Captioned web image data:
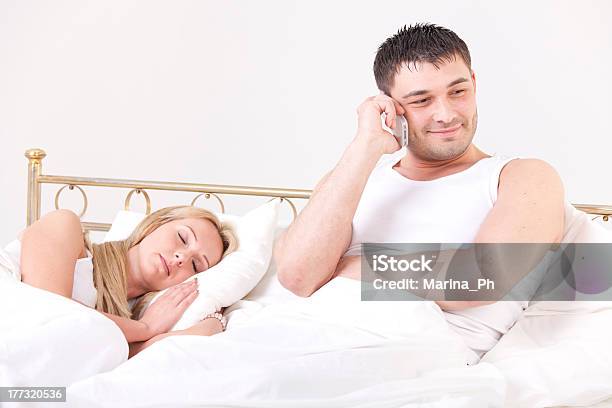 Man Cheating While Woman Sleeping Stock Photo - Download Image Now - 20-29 Years, 30-39 Years, Adult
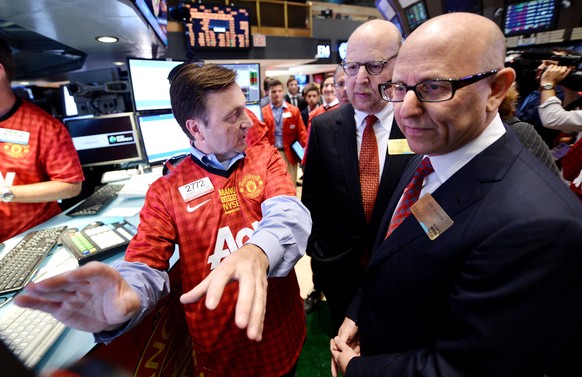 epa09144572 (FILE) - Joel (R) and Avram Glazer (C), owners of the Manchester United, talk with Thomas Facchine (L) of Getco Securities during the initial public offering of shares of Manchester United ...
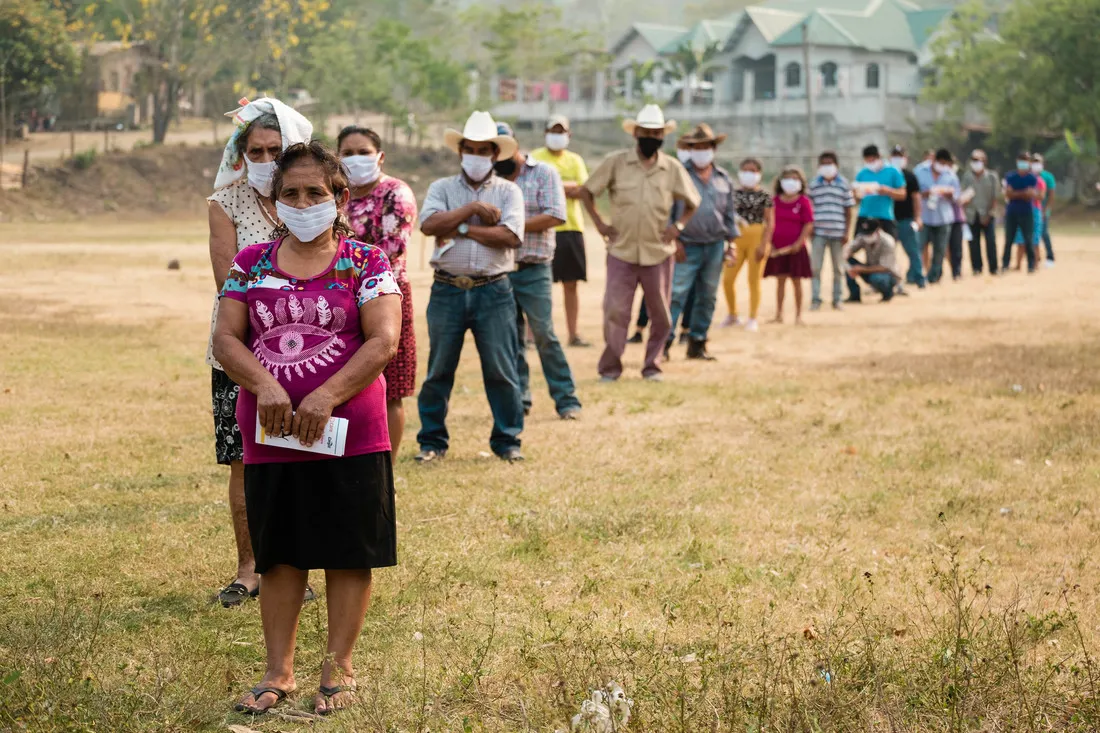 People in Villanueva, Honduras, wait in a long, single-file line in a grassy field. Each of them is wearing a white face mask.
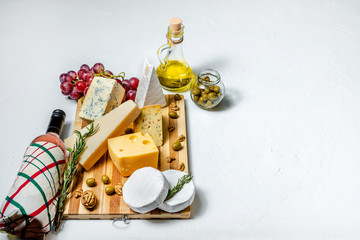 Obraz na płótnie Canvas Different sorts of cheese. Cheese platter with different cheese, bottle of wine, nuts and spices on white background. Top view, wiht copy space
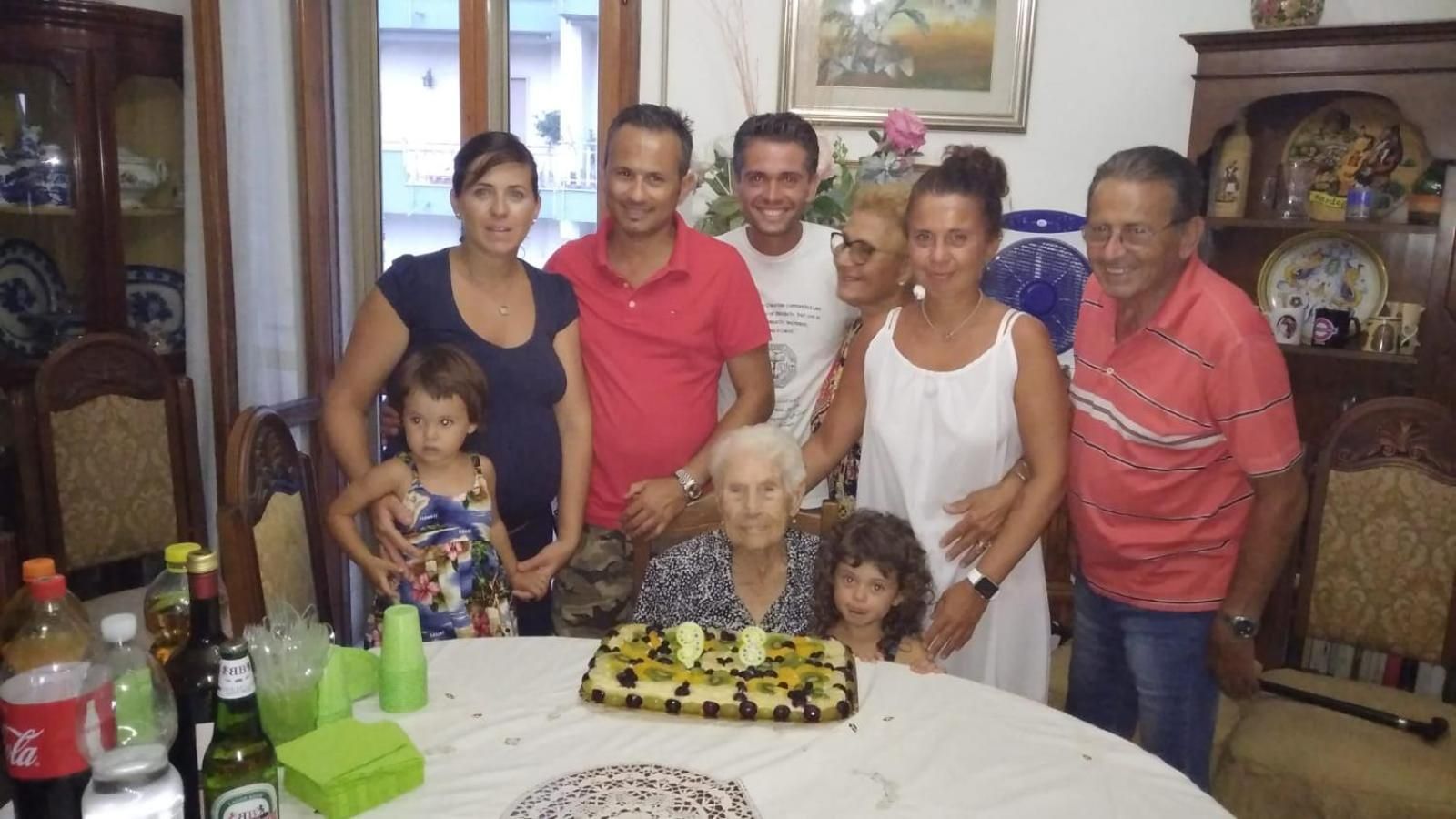 Un gruppo di persone riunito attorno a un tavolo con una torta, bottiglie e bicchieri.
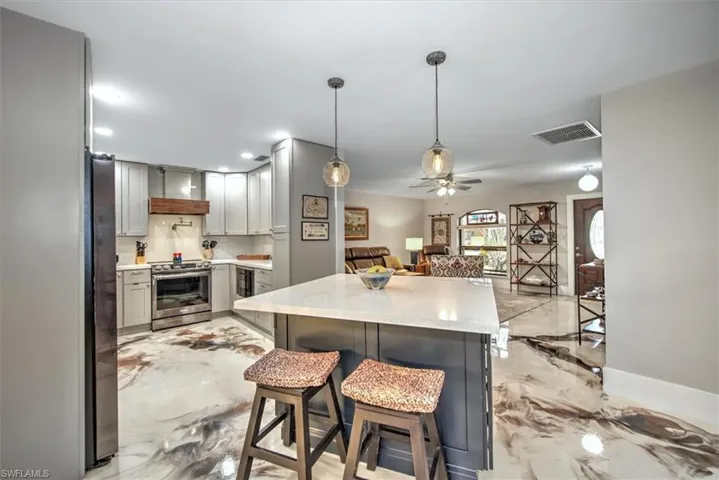 Kitchen featuring open floor plan, electric stove, visible vents, and marble finish floor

_Aim of the exercise_
Restate each entry word for word, please, but drop any images it holds.

_Exercise answer_
 Man Cheating While Woman Sleeping Stock Photo - Download Image Now - 20-29 Years, 30-39 Years, Adult
 epa09144572 (FILE) - Joel (R) and Avram Glazer (C), owners of the Manchester United, talk with Thomas Facchine (L) of Getco Securities during the initial public offering of shares of Manchester United ...
 People in Villanueva, Honduras, wait in a long, single-file line in a grassy field. Each of them is wearing a white face mask.
 Obraz na płótnie Canvas Different sorts of cheese. Cheese platter with different cheese, bottle of wine, nuts and spices on white background. Top view, wiht copy space
 Un gruppo di persone riunito attorno a un tavolo con una torta, bottiglie e bicchieri.
 Kitchen featuring open floor plan, electric stove, visible vents, and marble finish floor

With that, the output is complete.